* **Data supplied**:

***

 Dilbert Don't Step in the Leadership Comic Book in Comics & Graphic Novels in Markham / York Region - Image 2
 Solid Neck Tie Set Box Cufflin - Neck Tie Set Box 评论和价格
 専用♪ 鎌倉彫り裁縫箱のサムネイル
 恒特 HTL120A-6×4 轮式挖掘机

***

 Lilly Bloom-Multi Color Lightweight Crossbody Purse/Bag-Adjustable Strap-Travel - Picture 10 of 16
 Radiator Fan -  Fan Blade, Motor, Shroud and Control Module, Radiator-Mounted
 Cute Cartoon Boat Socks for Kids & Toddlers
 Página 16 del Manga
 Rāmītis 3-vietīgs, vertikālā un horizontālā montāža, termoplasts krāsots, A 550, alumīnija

***

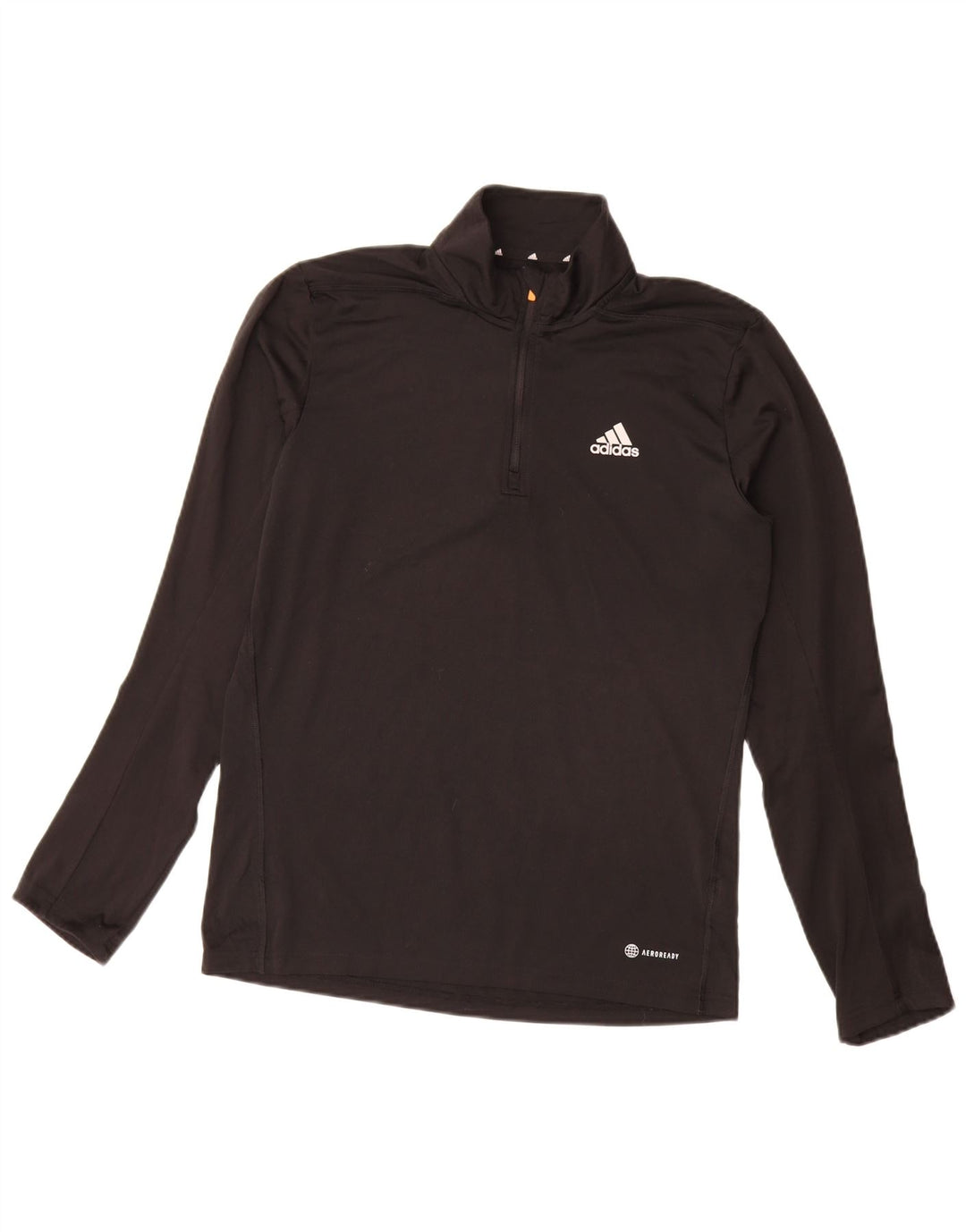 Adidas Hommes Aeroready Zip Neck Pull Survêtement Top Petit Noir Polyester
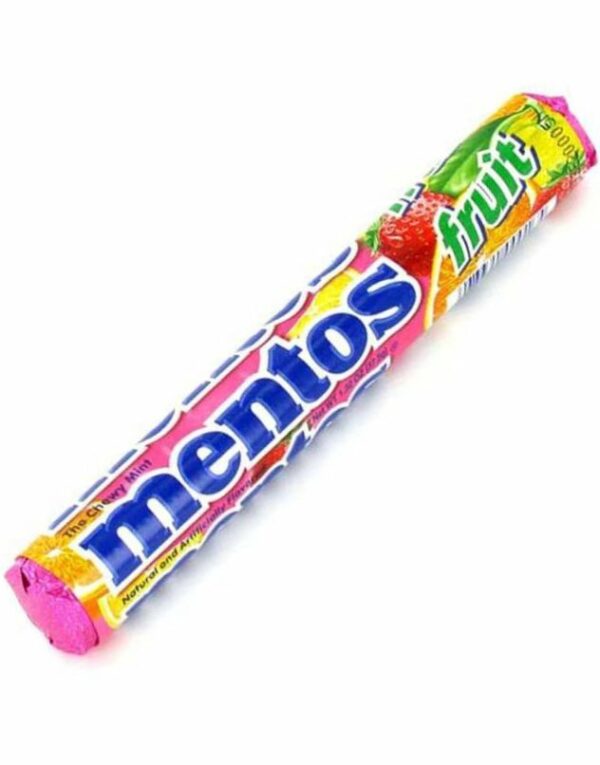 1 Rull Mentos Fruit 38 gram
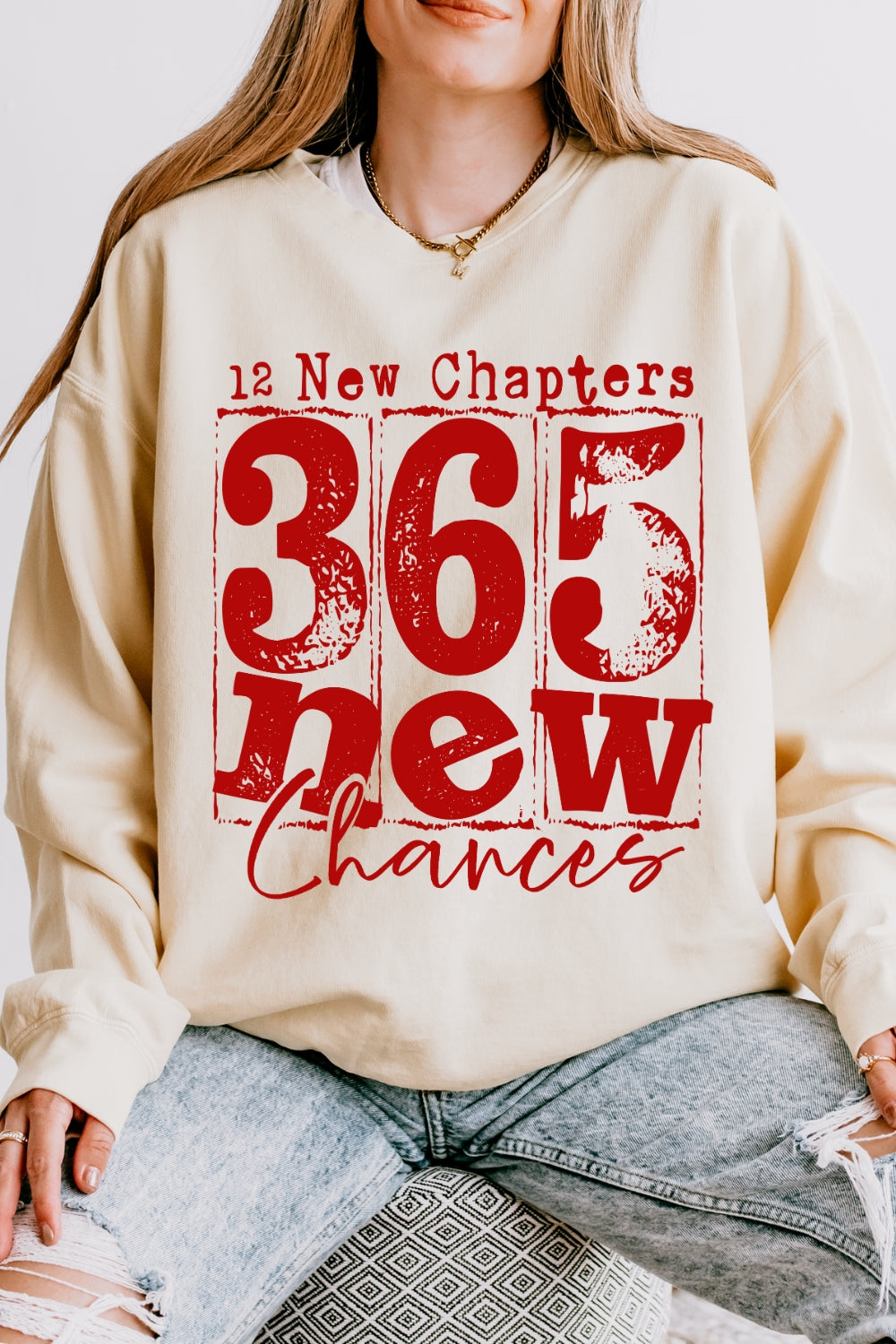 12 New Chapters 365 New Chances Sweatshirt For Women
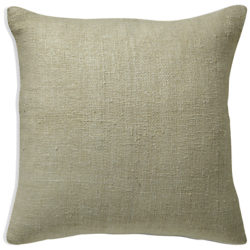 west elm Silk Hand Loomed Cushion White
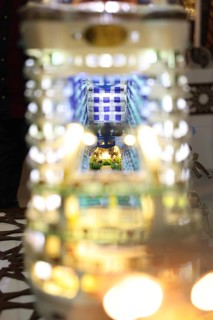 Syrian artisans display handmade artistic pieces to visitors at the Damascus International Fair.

***

From the records above, extract exactly and only the lines that begin at the line with "Dilbert Don't Step" and stop after the line with "恒特 HTL120A-6×4 轮式挖掘机".

* **Reply**:
 Dilbert Don't Step in the Leadership Comic Book in Comics & Graphic Novels in Markham / York Region - Image 2
 Solid Neck Tie Set Box Cufflin - Neck Tie Set Box 评论和价格
 専用♪ 鎌倉彫り裁縫箱のサムネイル
 恒特 HTL120A-6×4 轮式挖掘机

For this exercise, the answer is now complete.